Do 20. minuty trzeba było czekać, aż na dobre został zatrudniony jeden z bramkarzy. Z ostrego kąta spróbował trafić Janusz Gancarczyk, ale na posterunku był Skrzyński. Nic nie wyszło też z następującego po tej akcji rzutu rożnego. Foto-Higiena coraz częściej zapuszczała się jednak w pole karne Stilonu. Obie drużyny zaczęły wymianę ciosów. W 23. minucie kolejna okazja ekipy z Gaci zakończyła się faulem Patryka Nideckiego przed polem karnym. Wydawało się, że zawodnik gości wychodził sam na sam z gorzowskim golkiperem, ale sędzia był łagodny dla obrońcy z Gorzowa, pokazując mu tylko żółtą kartkę ku niezadowoleniu przyjezdnych. Iegor Tarnov uderzał bezpośrednio z rzutu wolnego, ale nad bramką.
Chyba najlepszą sytuacją zespołu Kamila Michniewicza był strzał Łukasza Maliszewskiego z 30. minuty, kiedy to zdecydował się uderzyć z dalszej odległości. Doskonałą interwencją popisał się jednak Marcin Gąsiorowski. Gra znacząco przyspieszyła od tego momentu i zaostrzyła się. Ze strony ławek rezerwowych i trybun pojawiały się pretensje w kierunku arbitra, ale ten pozwalał na dalszą walkę. Takiego szczęścia i umiejętności, jak jego vis a vis, nie miał Skrzyński, gdy nadeszło dośrodkowanie z prawej strony. Bramkarz Stilonu delikatnie minął się z piłką, do której dopadł Łukasz Staroń i trafił do siatki, mimo obecności dwóch obrońców na linii. Foto-Higiena wyraźnie przejęła inicjatywę w końcówce i jeszcze chciała podwyższyć. Ta sztuka, przy kilku próbach, się jednak nie udała i do szatni piłkarze schodzili przy wyniku 0:1.
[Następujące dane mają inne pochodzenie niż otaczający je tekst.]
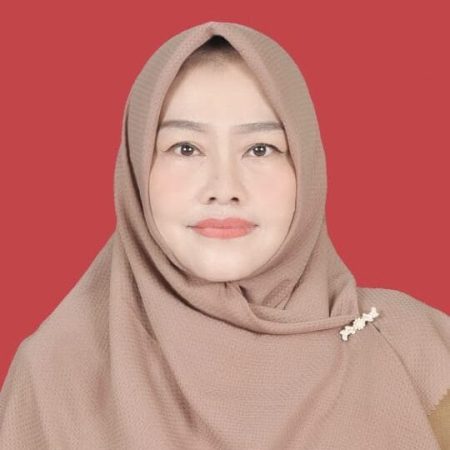 Dwi Retno Utari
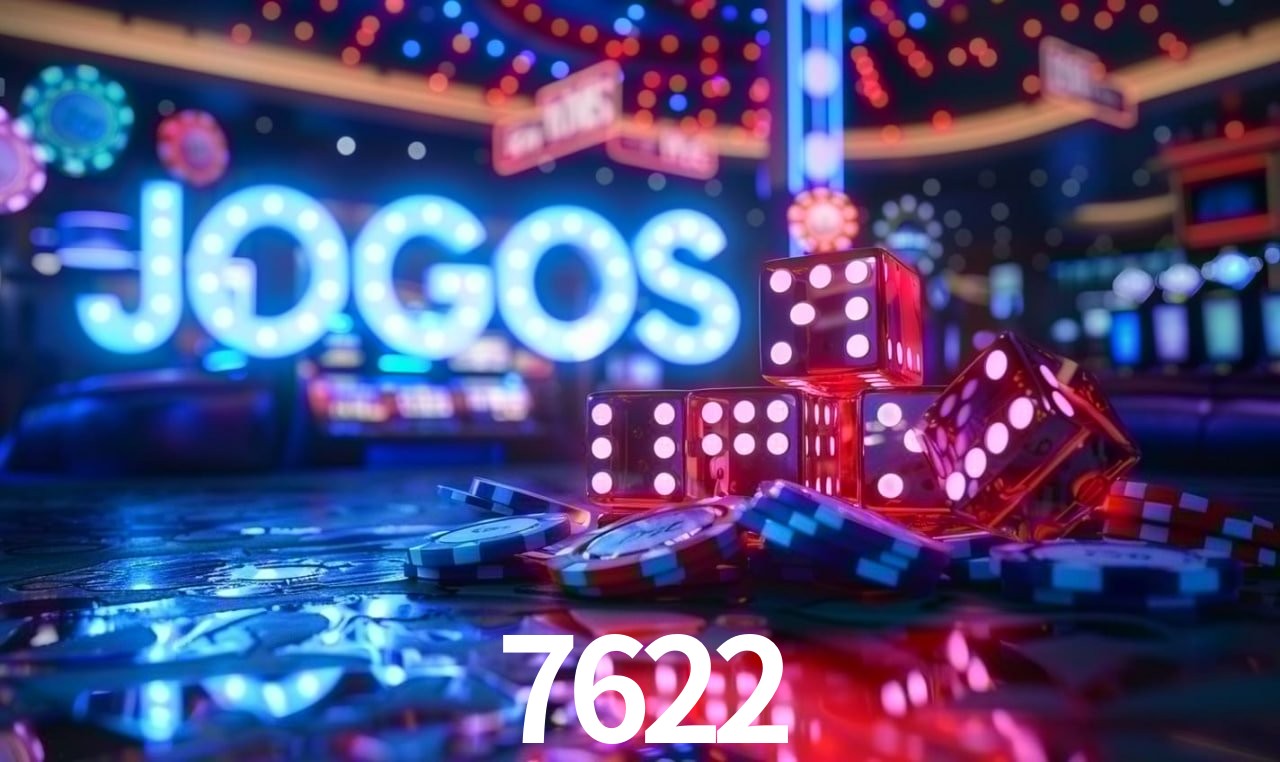 Jogo Spaceman 7622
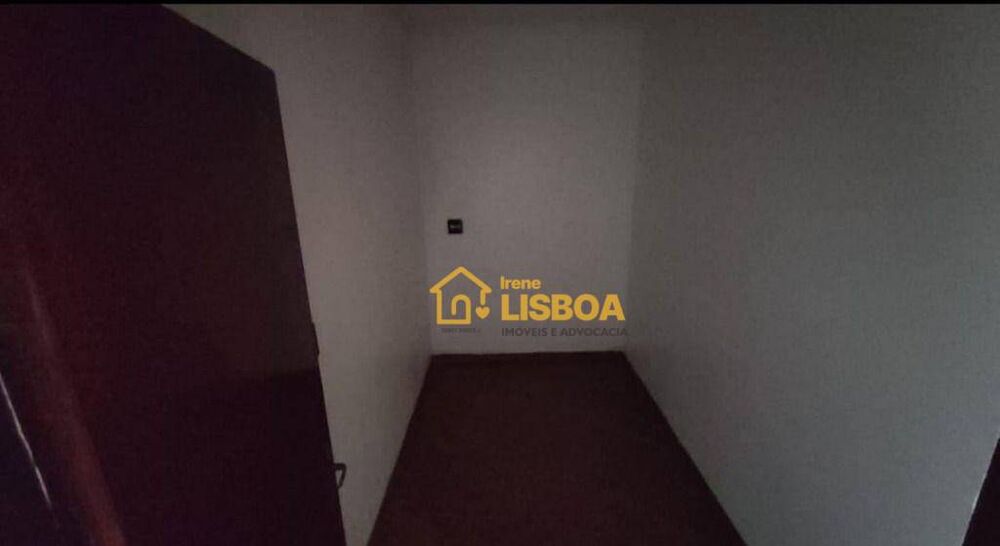 Sobrado, 3 quartos, 180 m² - Foto 27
Od początku drugiej połowy gorzowski trener zdecydował się na inne ustawienie, wymieniając przy tym Nideckiego na Michała Chyrka. Wydawałoby się, że będzie trzech obrońców, ale jednak wycofany został Jędrzej Drame. W 50. minucie po rzucie rożnym do strzału w polu karnym złożył się Michał Pakuła, ale został zablokowany, a zdaniem sędziego doszło do zagrania ręką. "Jedenastkę" na gola zamienił Rafał Świtaj, ale nie tracił czasu na celebrację tylko czym prędzej chciał kontynuować grę. Cios ten nie złamał jednak gości, którzy szukali swoich szans, podobnie jak gorzowianie.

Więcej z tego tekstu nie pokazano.